### WHAT YOU WILL DO
Everything in the data below except the pictures must be repeated word for word.

### DATA SEGMENT
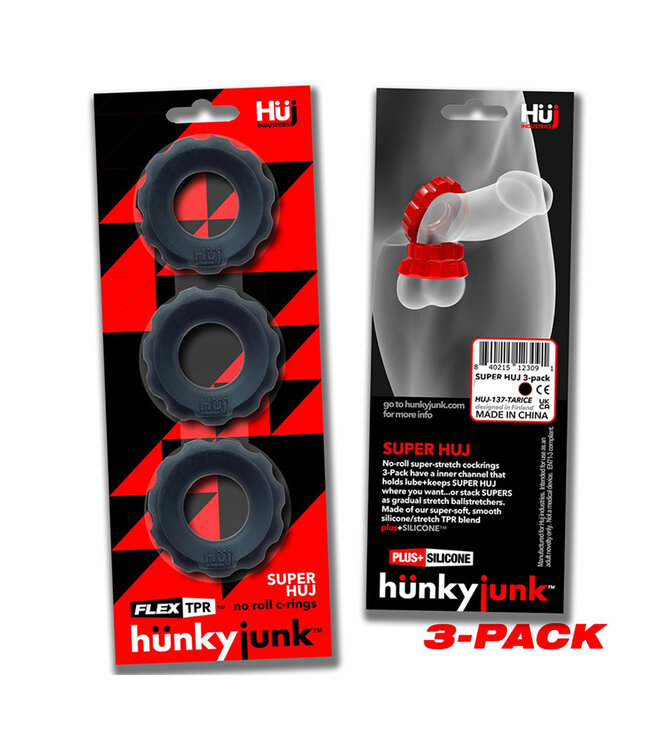 Hunkyjunk SuperHuj | 3-Pack  Stretchy Cockrings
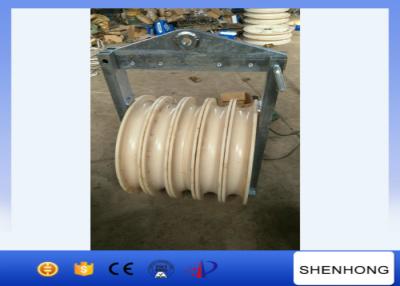 China Four Bundled Conductors Stringing Rope Drive Pulley Side Sheave Aluminum Lined With Neoprene for sale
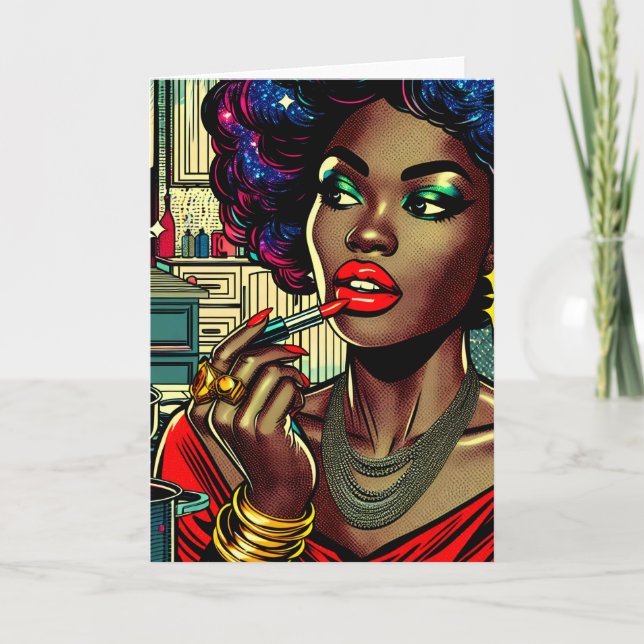 Carte Belle Femme Se Mettant du Rouge à Lèvres (Devant)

### ANSWER TO THE PROBLEM
 Hunkyjunk SuperHuj | 3-Pack  Stretchy Cockrings
 China Four Bundled Conductors Stringing Rope Drive Pulley Side Sheave Aluminum Lined With Neoprene for sale
 Carte Belle Femme Se Mettant du Rouge à Lèvres (Devant)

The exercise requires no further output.